An affiliated faculty member of the Promise Institute for Human Rights at UCLA Law, Achiume has since 2017 served as the United Nations’ Special Rapporteur on Contemporary Forms of Racism, Racial Discrimination, Xenophobia and Related Intolerance. She is the first woman to hold that position, and her students often provide key input or join her on her frequent travels to observe situations of severe injustice and draft reports on inequality, hate speech and other matters of grave concern. (In 2020, she also won the UCLA Distinguished Teaching Award, the university’s highest honor for excellence in the classroom.)

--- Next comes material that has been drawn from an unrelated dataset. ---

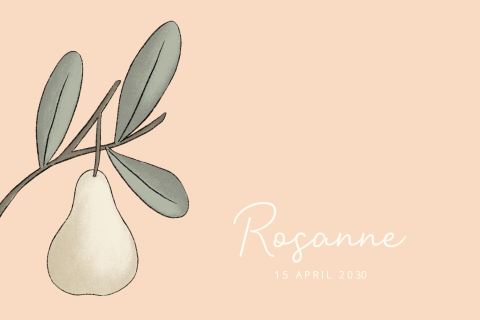 Modern geboortekaartje meisje met peer aan tak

As protests and tensions grew during the spring and summer of 2020, Achiume was a frequent participant in media interviews and other outreach efforts, including articles in Just Security, whose editorial board she joined in June, and appearances in webinars including the July 14 UCLA Law event “Racial Inequality and Policing: What’s the Law Got to Do With It?” UCLA Magazine also published an incisive interview with Achiume in September.
But her most impactful work came at the U.N. where, after the killings of George Floyd and many others, Achiume led 65 other human rights experts in issuing a June 5 statement that called on the U.S. government to take decisive action on systemic racism. The experts drew parallels between the recent killings of African Americans and historical lynchings in the U.S.
Later that month, she called for and joined an Urgent Debate at the U.N. Human Rights Council, alongside Floyd’s brother Philonise, successfully asking for the creation of a commission of inquiry to examine police brutality in the U.S. The commission, whose mandate centers on police racism and brutality in the U.S. but extends globally, will report findings next year.
Then, on July 15, Achiume presented a startling report on how racial inequality is entrenched by emerging digital technologies. “Technology is not neutral or objective,” she told the Human Rights Council. “It is fundamentally shaped by the racial, ethnic, gender and other inequalities prevalent in society, and typically makes these inequalities worse.”
She further placed the report in the context of the moment. “The deaths of George Floyd and countless others have prompted a transnational uprising against systemic racism in law enforcement,” she said. “Part of the human rights response must include greater scrutiny of how the design and use of digital technologies is further entrenching this systemic racism.”